Signings of papers with benefit to thieves, cunts and gentlemen one and the same. Seraphim have gathered to dance on the aftermath. Raphael has fallen. He waits, restless. Birds wander, lost, uncertain of South. Gale winds whip yet no sign of frost North. Ravages of war display themselves by empty hives and still bodies of bees. Azrael has cast his shadow. Once sapphire oceans loomed, cradling bodies of dead seal and hospital waste. Headlines of newspapers wedged into sand, declare new Presidents smiling in faded suits. How to View a Decade There is a carnal fluidity in viewing a decade. It masquerades as sweet musk on layers of tissue we hold objects in. Dulled photographs. Smooth stone. Bric-a-brac. We clearly resolve their importance unwrapping them through memory.

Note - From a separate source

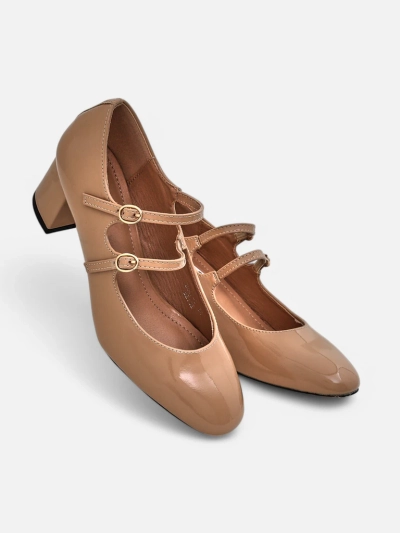 Royalfashion Pantofii cu toc pentru femei din patent cu curele Ovigs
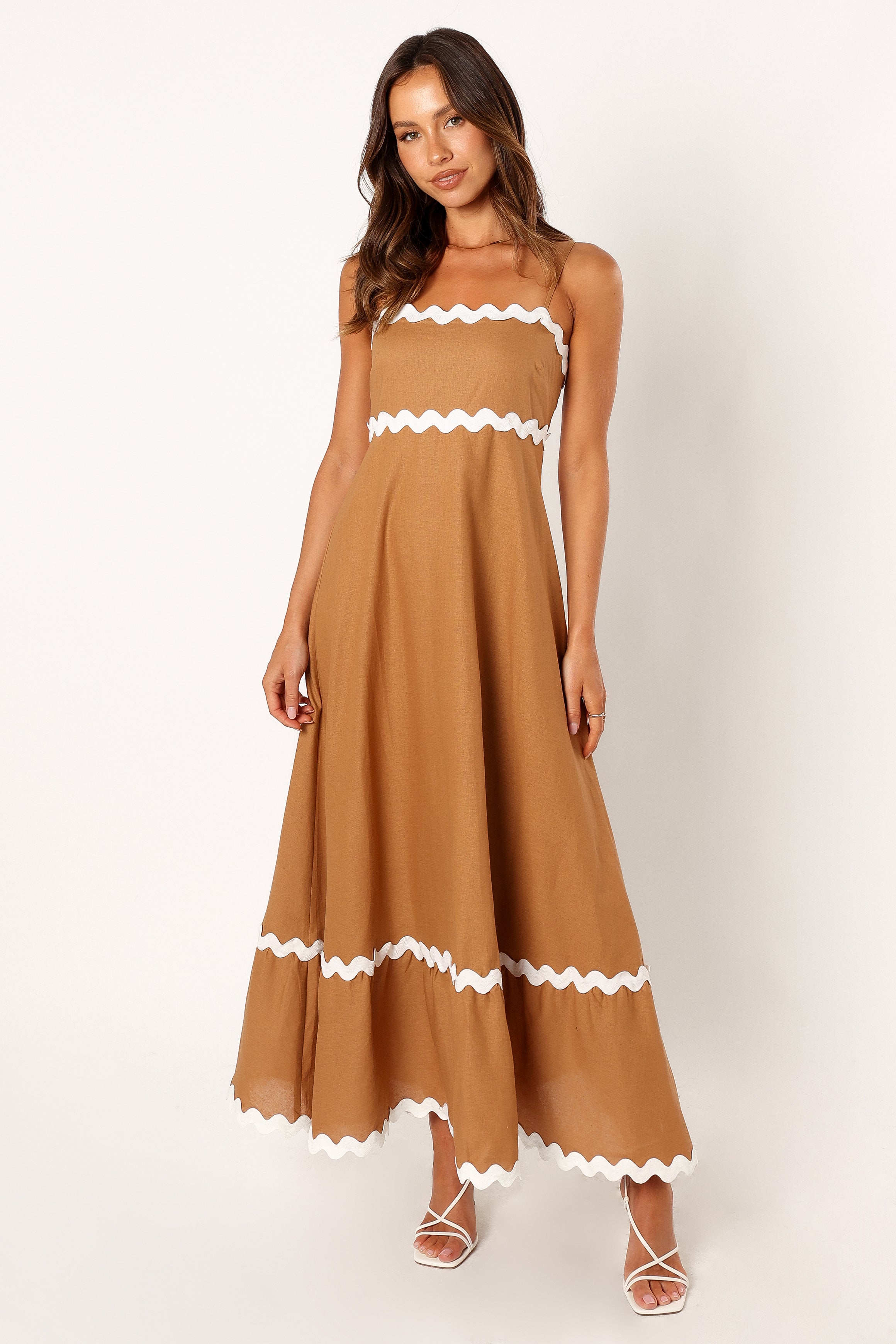 Yana Strappy Maxi Dress in Tan White - Adjustable & Lined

Memory has channels of flow and sometimes chooses its way like a prospectus. The decade a mere sketch of itself, drawn clean, erased of sleep or stillness. When referring to a decade of youth there is a smoldering cinder, a pile of ashed flesh and heat. Wrapped in soft pink tissue. Trinkets commemorate, screen defective parts out. This is how we view a decade. Prolific of prosody. As if time tossed years of gain without loss. 17


A carnal weeping out. Escaped heat. The end of it preserved in pressed things. Leaves and concert stubs. Four leaf clovers and musty hotel receipts.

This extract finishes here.